Prior to World War II, February 1st was known as “Rent Day” in New York City. On that day landlords would inform tenants what their new rent would be at the beginning of the next quarter. Renters would then spend the next few months seeking out better deals elsewhere. All leases in the city would then expire simultaneously at 9:00 a.m. on May 1st, leaving thousands of people taking to the streets at the same time as they changed residency.
If you move to New York City today you likely won’t be sharing your moving day with thousands and thousands of other people, but you will face a more contemporary set of challenges. Here are a few New York moving tips that will hopefully help make things easier for you.
- We’re not trying to rain on anyone’s parade here, but unless you’re really well off financially New York City can be cost prohibitive in many ways. So when looking for a place to live, be ready to choose between rent, location and size, because you’re not getting all three. You’re probably not likely to even get two of the three.
- If you’ve never lived in a big city, consider a month-to-month rental. These apartments tend to be older, smaller and in less ideal places in the city, but if you’re unfamiliar with New York they’re a great option for helping you get some bearings in the city and get a better idea of your budget before you commit to a year-long lease.
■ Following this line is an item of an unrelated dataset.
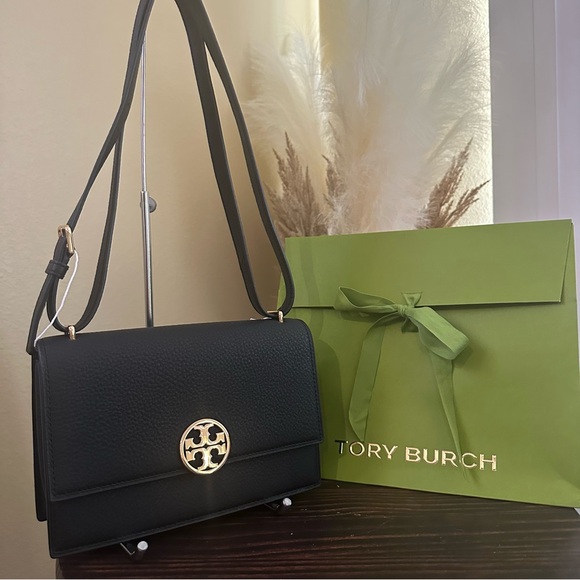 Tory Burch Black Shoulder Bag with Gold Accents LIMITED-EDITION SHOULDER BAG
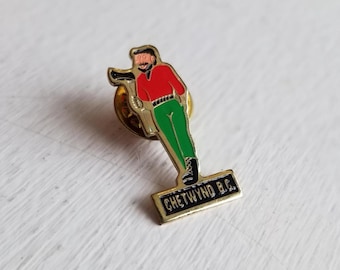 Chetwynd British Columbia Vintage Metal Enamel Lumberjack Pin. Canada.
- Tiny New York City apartments have become a stereotype in film and television, but this is one of those times when the stereotype developed because it’s true. Save yourself something on your rent by going with a smaller apartment. Keep seasonal furnishings, clothing and possessions nearby without cluttering your apartment by renting a storage unit on the outskirts of the city (or even across the river in New Jersey).
- Consider selling/giving away/donating your furniture rather than moving it. There are plenty of places in New York to find affordable furniture, including everyone’s favorite…IKEA. Selling your old furniture will leave you with you with extra cash from both the sale and the savings on moving costs. New York City’s streets weren’t made for moving trucks. Going with new furniture will save you a lot of time, hassle and aggravation.
- Love your car? It won’t take much NYC gridlock to change your mind. Add in the high cost of parking (which could be even more than your rent), and you might be better off just selling your car. If that’s a thought you can’t bear, check with storage facilities outside the city for the cost and availability of parking space.
Moving to New York City can be intimidating, but if you prepare yourself for some realities it doesn’t have to be terrifying (or even worse, disappointing). Self storage in New York can be a great option for making moving to, and living in, New York easier and more affordable.